We borrowed the Frequency- Ratio method from the landslide susceptibility method, which has been successfully applied in many landslides susceptibility studies. In the GFR method, Geodetector identifies precipitation, fertilizer, manure, elevation, and clay as the significant variables among twelve different variables and have direct spatial association with the distribution of the contaminated wells in the CV [
26]. Although, in this study, Geodetector utilized only 12 different explanatory variables to compute the PD values, the method can process any number of potential explanatory variables to determine their relevance based on the computed PD values and significance tests. In addition, this method can process both categorical and continuous variables, which makes it possible to include wider variety of potential explanatory variables.
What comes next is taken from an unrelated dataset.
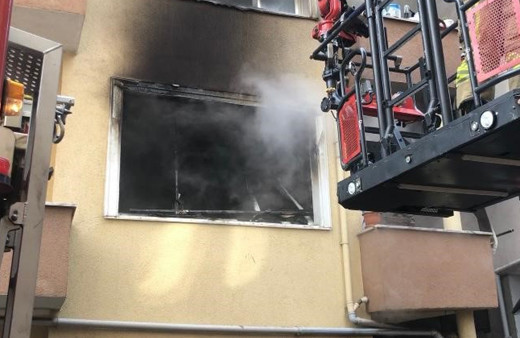 Pendik’te bayram günü korkutan yangın! 5 kişi mahsur kaldı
Furthermore, this method makes no assumptions about the data making it suitable to process nitrate data which are mostly skewed data as they are found in low concentration in normal condition. The GFR method offers a general framework for objectively selecting contributing factors (based on the significance test of PD values) and assigning their weights (based on normalized PD values), which can potentially be applied to any other study areas. Thus, GFR method is more effective than optimized- DRASTIC method for accurately capturing the vulnerability of groundwater contamination, as illustrated in this study in the CV aquifer.
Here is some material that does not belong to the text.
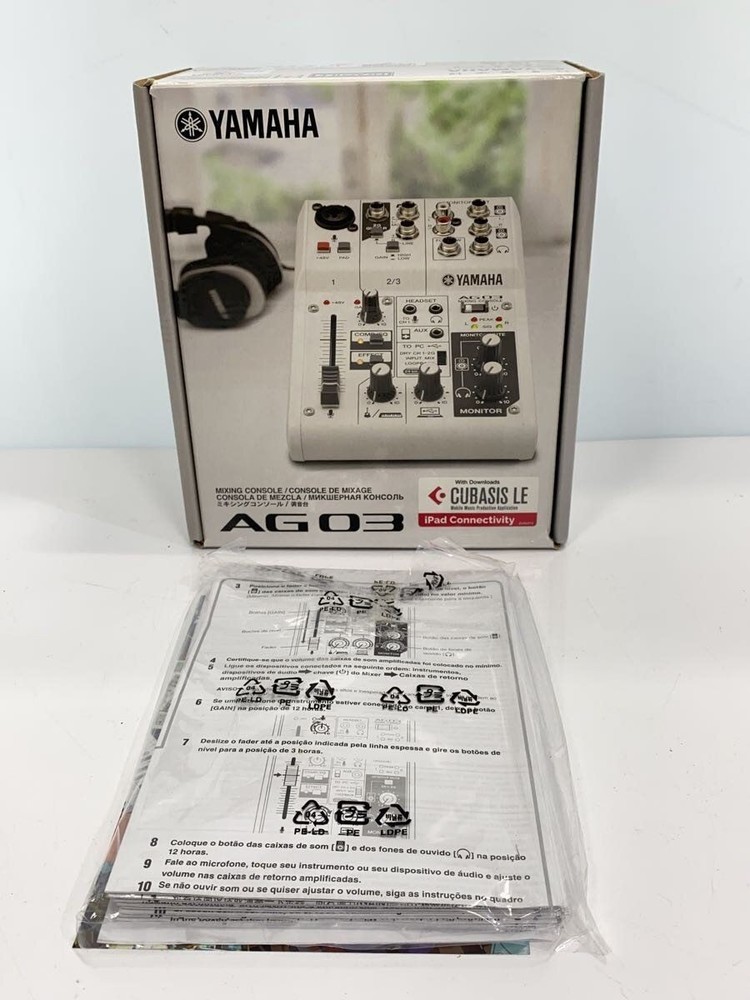 YAMAHA AG03 MIXER Used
The results of this study are comparable to the findings of previous studies performed in the CV. Ransom et al. [
69] also found higher nitrate concentration in wells of San Joaquin and Tulare Basin than Sacramento valley. The Sacramento Valley is composed of fine grained sediments compared to southern part of the CV, which could reduce the susceptibility of Sacramento Valley. There are several studies which modify DRASTIC method by adding the variables or changing the intervals to assign rating values matching the site-specific condition. However, they are mostly site specific, whereas the GFR method offers a general framework that can be applied anywhere.
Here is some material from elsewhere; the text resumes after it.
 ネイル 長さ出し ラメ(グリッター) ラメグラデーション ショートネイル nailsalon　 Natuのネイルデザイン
In this study, a total of 31 groundwater basins were observed with contaminated wells (>5 mg/L) out of 41 basins in the CV. The advantage of the groundwater susceptibility mapping using overlay–index approach is that a vulnerability index value can be calculated for all the basins using the rating and weight values [
70]. The visual comparison of two vulnerability index maps showed that optimized-DRASTIC method produced generally a higher index value in the eastern flank of the valley, while the GFR index was higher in San Joaquin and Tulare Basins. However, the GFR method was found to be more consistent with observed contamination data than the optimized-DRASTIC method, as measured by the Pearson’s correlation coefficient and the PD value between the vulnerability index and percent of contaminated wells in the groundwater basins, which confirmed the validity of the newly developed GFR method. The GFR index values were negatively skewed, showing relatively higher numbers of groundwater basins in the upper range. The spatial variance analysis based Geodetector method was effective and can be used in different areas to measure the spatial association. However, high PD values obtained from the Geodetector method is a statistical output and does not necessarily mean causality. Therefore, we should still be careful in selecting the relevant variables.